NASCAR’s Open Inspections Wouldn’t Do Formula One Much Good
Ross Brawn’s NASCAR-derived idea sounds nice, but it has problems of its own.
Ross Brawn, the managing director of Formula 1, is taking some leaves from the books of other motorsports—and he has been looking at NASCAR's open inspection system as of late, according to Autosport. “At a certain stage of the season you can go and look at someone else’s car and strip it apart and see what’s in it," stated Brawn. The idea is that any cars that have a competitive advantage will not keep that advantage a secret for long, and that any other team can then copy said advantage.
But while this may keep the NASCAR pack close, this advantages of this system do not carry over to Formula 1 well.
First and foremost, NASCAR's technology is not comparable to that of Formula 1. At its simplest, NASCAR cars are a naturally aspirated V8 up front, a driven rear axle, some simple aero, a roll cage, and four tires. The cars are so similar that they make for a borderline spec series. Compare that to Formula 1, where every team shows up with cars so distinct that an astute fan could identify them without their liveries. Suspension, cooling systems, airboxes, barge boards, front wings, and too many other parts to count differ from F1 team to F1 team.
Furthermore, ideas that are be simple for NASCAR teams to copy between races could—and likely would—take months for Formula 1 teams. It was considered almost a miracle when it took Renault six weeks to replicate the double deck diffuser designs of the competing Brawn GP, Williams, and Toyota teams in 2009, because the estimated completion time was 12 weeks. Considering how complex modern aerodynamic designs have gotten for Formula 1, it takes teams multiple race weekends to learn enough about their own cars' performances to even know where they need improvement. After that, parts need to be designed, manufactured, and tested.

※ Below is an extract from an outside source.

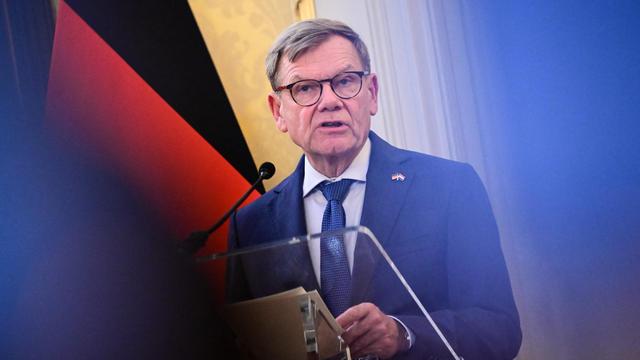 Den Haag: Johann Wadephul betont Handlungsfähigkeit der Bundesregierung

For an example of the current development rate, one only needs to look at the race this weekend: the Spanish Grand Prix. This year's first Grand Prix took place on the 26th of March, and even with an in-season open test session at Bahrain, teams are only now delivering their first real upgrades of the season, more than six weeks after it began.
If the goal is to bring the backmarkers closer to the frontrunners, such a thing cannot be feasibly achieved during the opening quarter of the season. Due to the amount of time it takes to copy better teams, as established above, only so many open inspection sessions per year could offer tangible benefit to each team. Any open inspections beyond the season's halfway point would be of no use for the current year, and could only serve as a guide for how to design the A-spec version of next season's car.
How much value an open inspection offers is also limited. Much of the external changes to cars already do not go unnoticed, as Formula 1 technical analyst Craig Scarborough has a field day any time new parts are introduced to any car on the grid. No wing, barge board, floor panel, or sidepod change goes unnoticed by Scarborough, who publishes updates on his Twitter account for all to see. He serves as a free resource for all the teams to use already—why waste time sending your engineers to watch the Ferrari or Red Bull get undressed by the FIA scrutineers?
Speaking of the scrutineers, they have failed to notice multiple instances of technologies appearing on cars that occupy holes in the sport's technical regulations. It was only through Scuderia Ferrari's signature politicking that the team managed to level the playing field in the 2017 preseason, by getting hydraulic suspension components that Red Bull and Mercedes were suspected to have been using banned. Likewise, an inquiry by Red Bull over a suspicion that Mercedes may be maintaining their engine power advantage by burning oil seems to have brought the Ferrari and Mercedes engines on par with each other. (In spite of Mercedes denying using this loophole, Dutch Formula 1 commentator Olav Mol claimed certainty that they were, in fact, guilty as charged.)
If all these technologies can make it past the FIA without a second look, what hope do rival engineers spectating at an inspection have of picking up on the advantages of their competitors?
It could be argued that active Formula 1 engineers would be better suited to figuring out where their opponents have a leg up on them than the scrutineers do, and the political games played by Ferrari and Red Bull described above support this. But the FIA has hand-picked their scrutineers, so these technologies getting past inspection is probably not due to incompetence.
All together, the benefits of open inspections in Formula 1 may be too limited for the sessions to be worthwhile. They may yet be of some use to lagging teams like Sauber...but we cannot truly know unless Brawn decides they are worth trying.